Here's one more look at something we're told not to do all the time that, if you go just a little deeper, may help you understand more about the world - and be more uniquely yourself in the process!
Listen to bad advice (but you don't have to take it!)
Here's a little nugget of wisdom I remembered from Anthropology 101: Everything has a purpose.
That doesn't mean it's a good purpose, or a purpose that's going to help everyone. A lot of the time, what helps one group take power leaves another group oppressed and left in the dust. Get-rich-quick schemes leave you with a burst financial bubble, and corrupt politicians break their promises and betray the people who put them in power.
But here's the thing: you know that phrase "follow the money"? Even if there's no money to follow, follow the "why". Someone is benefitting from all this, whether it's for quick money, more followers, or even just to feel good about themselves. And the people who take the bad advice? What are they getting? A sense of security? An outlet for their anger?
Sometimes there's an even bigger picture: what's happening in the lives of these people, the schemers and bullies of the world, that keeps them from stepping up and just putting good ideas in those places? Were they the victims of bad systems once before? Are there bad ideas in place that are keeping them mean or deceitful, because they think that's what the world has to really be like - instead of stepping up and changing their own behavior to something that works?
In the Tarot, the Devil card isn't actually about any real figure. You can believe in the Devil, or you can think he's a mythical figure, but the Devil card is about the things that bind us - often by our own choice. He's the addiction, the defeating self-talk, the bad habits, the mental chains we wear. He's what happens when we start listening to bad advice, instead of listening to our higher selves.
The Devil from the Ceremonial Magick Tarot, by Lon Duquette, is a great illustration of this. Even if you don't know much about ceremonial magick (and I'm still learning myself!), take look at the crows on either side of his face. They remind me a lot of double talk, and negative self-talk, and all the chatter in our lives from all angles. We may be smart enough to discount it, but we don't really think about what to do instead.
So use this exercise for yourself. You know the things you tell yourself late at night? The stuff that the musical 'title of show' so brilliantly calls the "vampires", the soul-sucking fear you're not good or creative or brave enough? Don't take that advice, but look at it for a second.

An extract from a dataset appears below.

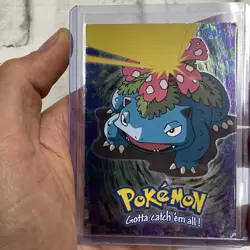 1999 Topps: Pokemon Venusaur #03 E3 of 12 Holo Foil Pokemon TCG MP/LP Rare Card - Image 5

Where is it coming from? If you follow it, what will it help? Will it make you feel safer? More comfortable? Once you find out why you're telling yourself to just quit and go home, you can burst through the block with the good advice - the source of truth.
Don't take the bad advice. Don't even take it to heart. But if you look at all the bad advice out there, you'll get a lot closer to the good advice that will serve you well. Deep down, you know the difference.